((

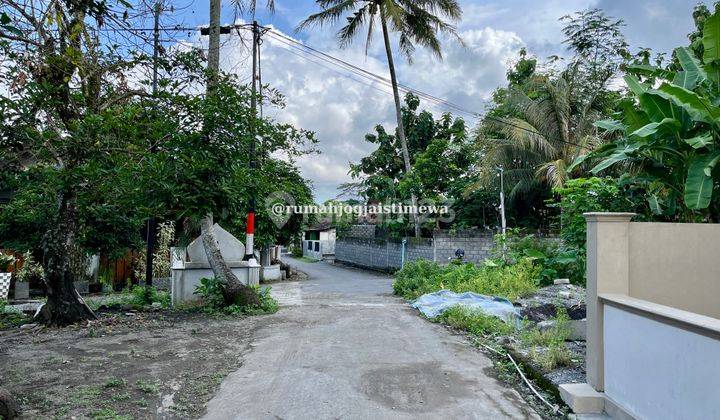 Rumah Baru di Sukoharjo Dekat Pasar Gentan Jl Kaliurang Km 10 2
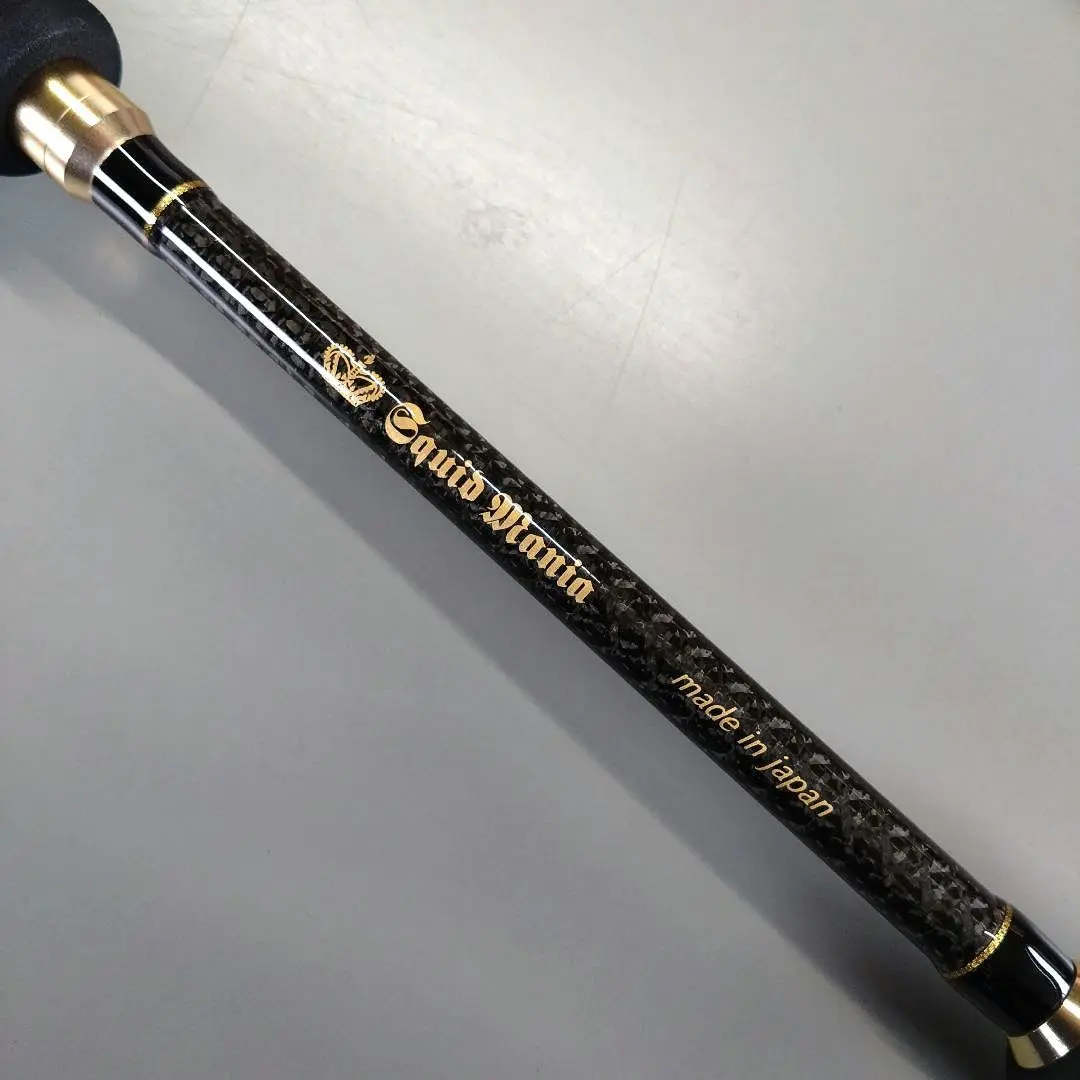 美品 アレス 夢墨 スクイッドマニア ゼログラDX704 RVTZ 限定モデル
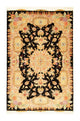 Tabriz - 50 Raj Tappeto 102x152cm - Tappeto persiano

))

## Requirement
Each line above must be repeated exactly in the answer, with pictures omitted.

## Result of this task
 Rumah Baru di Sukoharjo Dekat Pasar Gentan Jl Kaliurang Km 10 2
 美品 アレス 夢墨 スクイッドマニア ゼログラDX704 RVTZ 限定モデル
 Tabriz - 50 Raj Tappeto 102x152cm - Tappeto persiano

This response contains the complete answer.